Stored data Start Marker

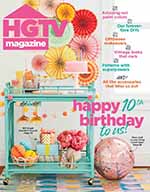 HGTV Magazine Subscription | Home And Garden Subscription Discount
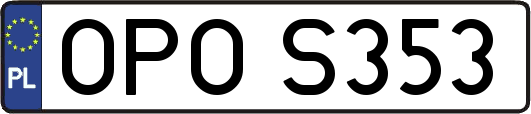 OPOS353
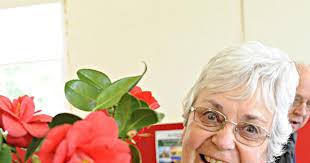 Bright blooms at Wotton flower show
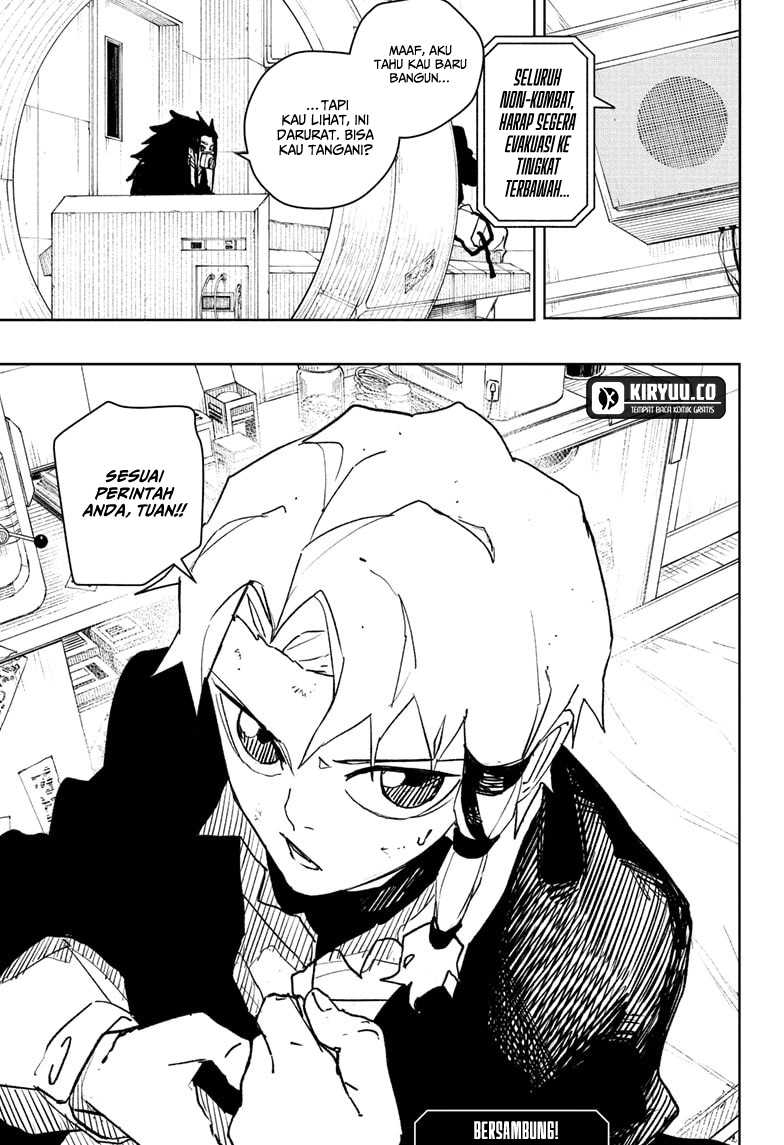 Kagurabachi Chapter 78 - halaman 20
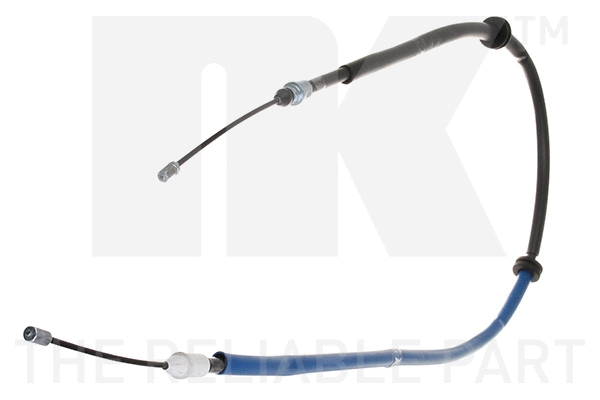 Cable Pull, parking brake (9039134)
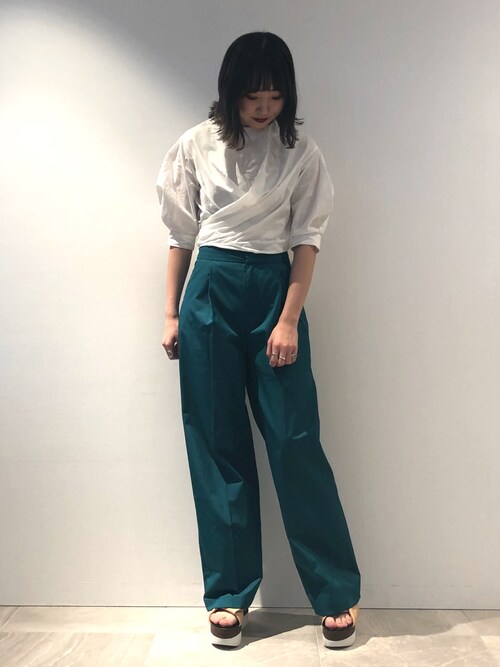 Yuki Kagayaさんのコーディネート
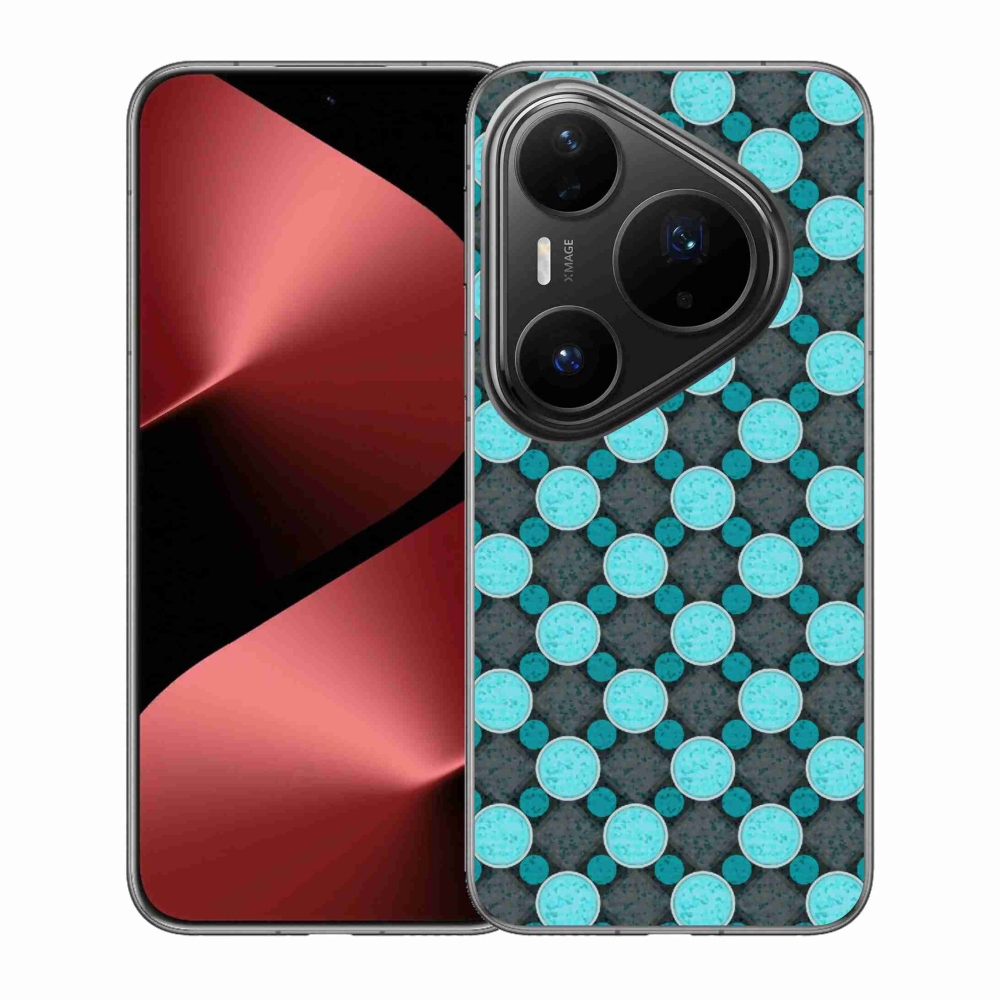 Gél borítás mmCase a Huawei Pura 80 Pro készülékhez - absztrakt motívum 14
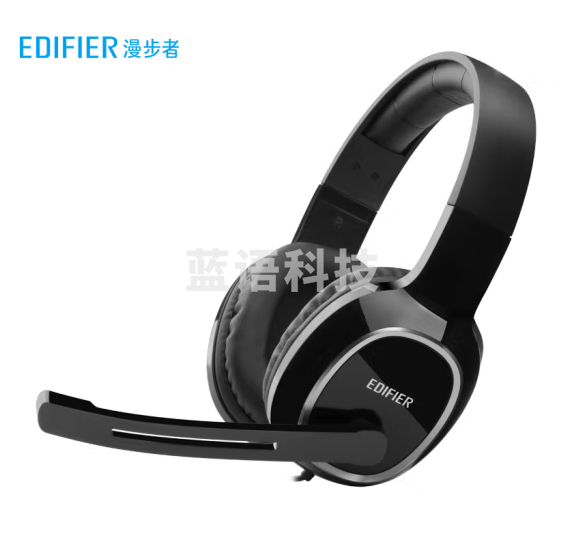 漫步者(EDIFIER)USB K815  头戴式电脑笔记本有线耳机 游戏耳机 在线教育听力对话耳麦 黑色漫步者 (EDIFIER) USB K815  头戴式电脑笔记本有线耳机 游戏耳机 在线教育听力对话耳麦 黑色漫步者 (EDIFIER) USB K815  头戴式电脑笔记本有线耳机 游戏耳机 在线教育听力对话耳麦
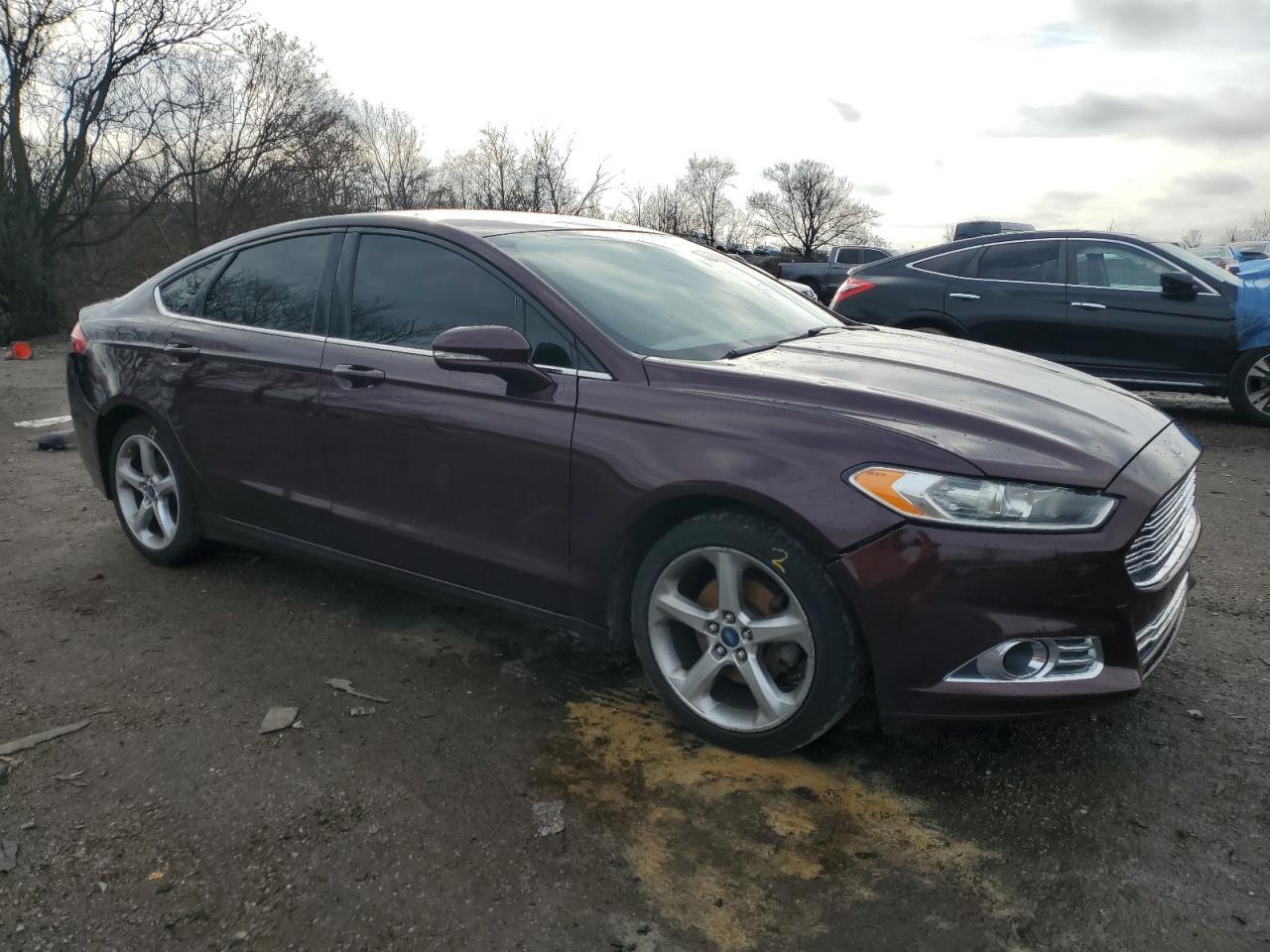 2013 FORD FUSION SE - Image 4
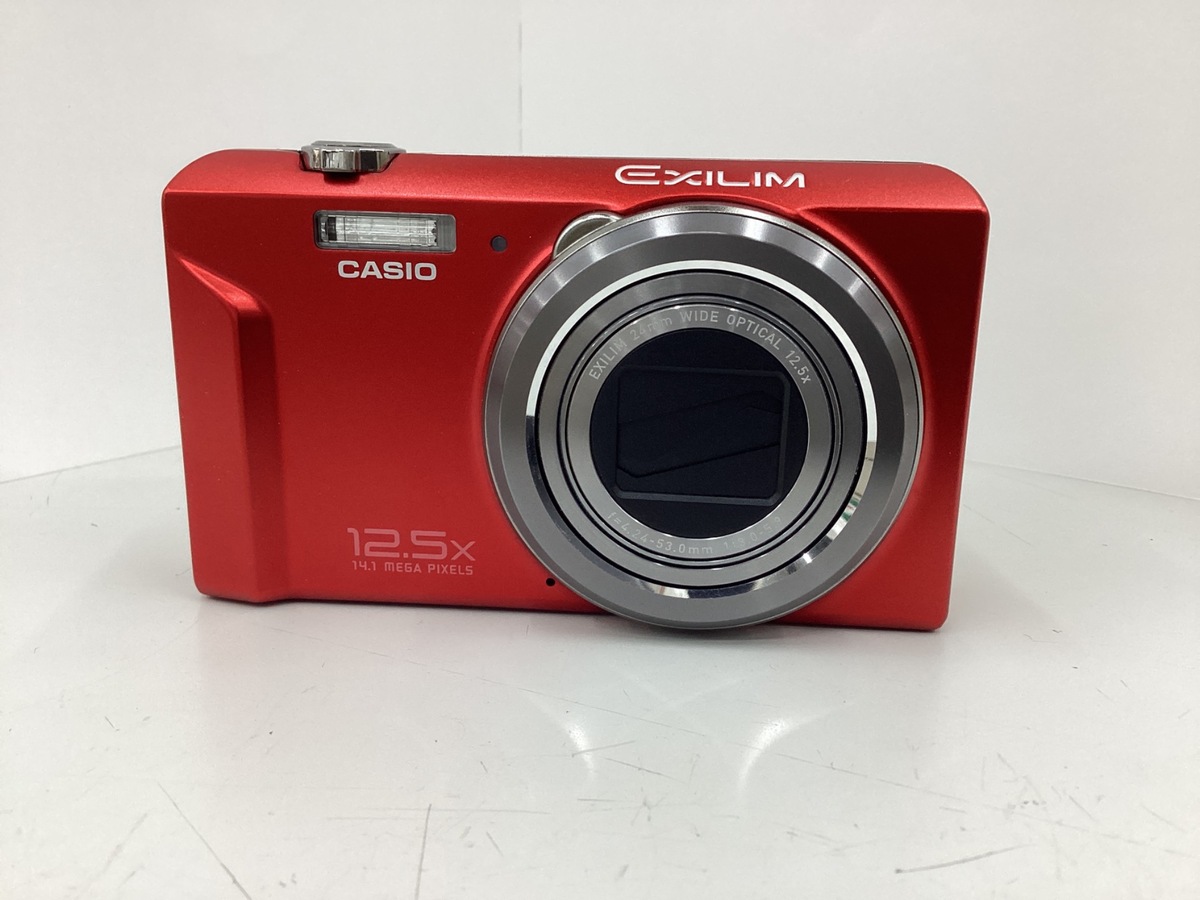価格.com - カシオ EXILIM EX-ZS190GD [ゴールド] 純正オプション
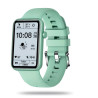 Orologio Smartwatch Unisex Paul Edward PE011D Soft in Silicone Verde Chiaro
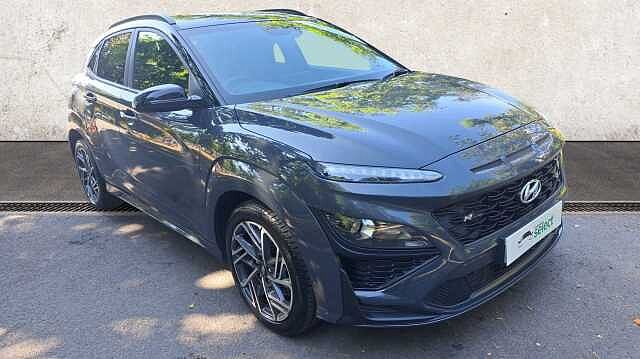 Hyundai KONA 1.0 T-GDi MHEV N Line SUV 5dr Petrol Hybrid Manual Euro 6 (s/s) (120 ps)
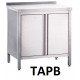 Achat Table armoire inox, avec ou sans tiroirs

Stored data End Marker

Required action:
What is needed is an exact copy of the lines from the one containing "Gél borítás mmCase" through the last line of the records, with every picture left out.

Result for this task:
 Gél borítás mmCase a Huawei Pura 80 Pro készülékhez - absztrakt motívum 14
 漫步者(EDIFIER)USB K815  头戴式电脑笔记本有线耳机 游戏耳机 在线教育听力对话耳麦 黑色漫步者 (EDIFIER) USB K815  头戴式电脑笔记本有线耳机 游戏耳机 在线教育听力对话耳麦 黑色漫步者 (EDIFIER) USB K815  头戴式电脑笔记本有线耳机 游戏耳机 在线教育听力对话耳麦
 2013 FORD FUSION SE - Image 4
価格.com - カシオ EXILIM EX-ZS190GD [ゴールド] 純正オプション
 Orologio Smartwatch Unisex Paul Edward PE011D Soft in Silicone Verde Chiaro
 Hyundai KONA 1.0 T-GDi MHEV N Line SUV 5dr Petrol Hybrid Manual Euro 6 (s/s) (120 ps)
 Achat Table armoire inox, avec ou sans tiroirs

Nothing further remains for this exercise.